WTF?! Now you can bypass your hard drive and store your whole operating system in your VRAM (should you want to). Well-known Windows modder NTDEV has demonstrated how, and it's surprisingly painless.

Step one is to create a RAM drive in your GPU's memory. A VRAM drive, if you will. There's an open-source tool that can do it for you called GpuRamDrive. It only takes a couple clicks but the tool was abandoned before it reached stability, so you might need to try it a few times.

Step two is to use your pick of tools to create a virtual machine. NTDEV used Windows' baked-in Hyper-V manager, which is a simple yet powerful tool for spawning virtual machines available to Windows 10 and 11 Pro, Education, and Enterprise users. You'll need to change just a couple of defaults in Hyper-V, and you can pick those out in NTDEV's video.

If you have an RTX 4090 or RX 7900 XTX or a GPU with more than 20 GB of VRAM then you should be able to squeeze a vanilla Windows 11 installation onto the VRAM drive you created. If you didn't drop a grand on a new GPU this past year, you'll have to use an alternate operating system with less demanding storage requirements. NTDEV uses Tiny11, a stripped-down version of Windows 11 that he created.

We wrote about Tiny11 when it was released in February. Advertised as Windows 11 without the bloat, its main goal is to reduce Windows 11's system requirements without sacrificing too many features. It strikes a good balance and even finds room for staple apps like MS Paint. While it needs about 8 GB of storage to run on bare metal, NTDEV shows that it can run on a 3.5 GB drive when it's used for a virtual machine.

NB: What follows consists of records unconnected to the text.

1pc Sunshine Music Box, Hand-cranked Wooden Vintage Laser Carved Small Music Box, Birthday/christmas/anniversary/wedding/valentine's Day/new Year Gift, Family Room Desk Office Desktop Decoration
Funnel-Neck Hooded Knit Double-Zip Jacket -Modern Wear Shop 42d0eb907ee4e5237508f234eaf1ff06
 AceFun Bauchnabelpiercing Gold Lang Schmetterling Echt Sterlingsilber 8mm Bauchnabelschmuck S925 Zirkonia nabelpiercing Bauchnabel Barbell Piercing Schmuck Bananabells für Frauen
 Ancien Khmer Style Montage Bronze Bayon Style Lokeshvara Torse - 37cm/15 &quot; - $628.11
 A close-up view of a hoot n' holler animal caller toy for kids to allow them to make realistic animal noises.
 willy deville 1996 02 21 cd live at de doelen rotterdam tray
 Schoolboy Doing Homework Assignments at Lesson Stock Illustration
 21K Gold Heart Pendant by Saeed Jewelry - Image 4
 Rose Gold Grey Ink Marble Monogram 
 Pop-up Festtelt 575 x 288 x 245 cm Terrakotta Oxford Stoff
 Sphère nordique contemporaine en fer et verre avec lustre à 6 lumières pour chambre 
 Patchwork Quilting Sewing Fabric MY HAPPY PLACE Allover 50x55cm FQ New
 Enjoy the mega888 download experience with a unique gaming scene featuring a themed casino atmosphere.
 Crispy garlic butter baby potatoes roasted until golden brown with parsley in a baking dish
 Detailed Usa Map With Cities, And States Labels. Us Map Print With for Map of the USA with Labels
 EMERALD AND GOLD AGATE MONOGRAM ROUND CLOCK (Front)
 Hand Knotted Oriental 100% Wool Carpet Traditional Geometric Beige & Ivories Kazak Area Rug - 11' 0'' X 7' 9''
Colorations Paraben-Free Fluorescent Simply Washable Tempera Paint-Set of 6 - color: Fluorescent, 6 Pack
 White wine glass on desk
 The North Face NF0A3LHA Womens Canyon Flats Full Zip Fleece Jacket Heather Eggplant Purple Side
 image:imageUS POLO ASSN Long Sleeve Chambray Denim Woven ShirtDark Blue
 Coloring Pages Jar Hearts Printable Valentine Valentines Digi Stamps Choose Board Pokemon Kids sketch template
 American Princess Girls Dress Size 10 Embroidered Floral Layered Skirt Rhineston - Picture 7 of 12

NTDEV demo'd the concept on a laptop equipped with an RTX 3050 with 4 GB of GDDR6. He showed that the virtual machine had no problem creating and saving files to the 600 MB of free space he had. When he ran the CrystalDiskMark benchmark, he reached solid speeds of 2 GB/s reading and 2.5 GB/s writing, on par with PCIe 3.0 NVMe drives.

I can't think of a single reason why anyone would want to run Windows 11 on their VRAM. And yet, it's astonishingly practical: quick to set up and seemingly as fast and stable as a regular virtual machine. Why not, then, I suppose?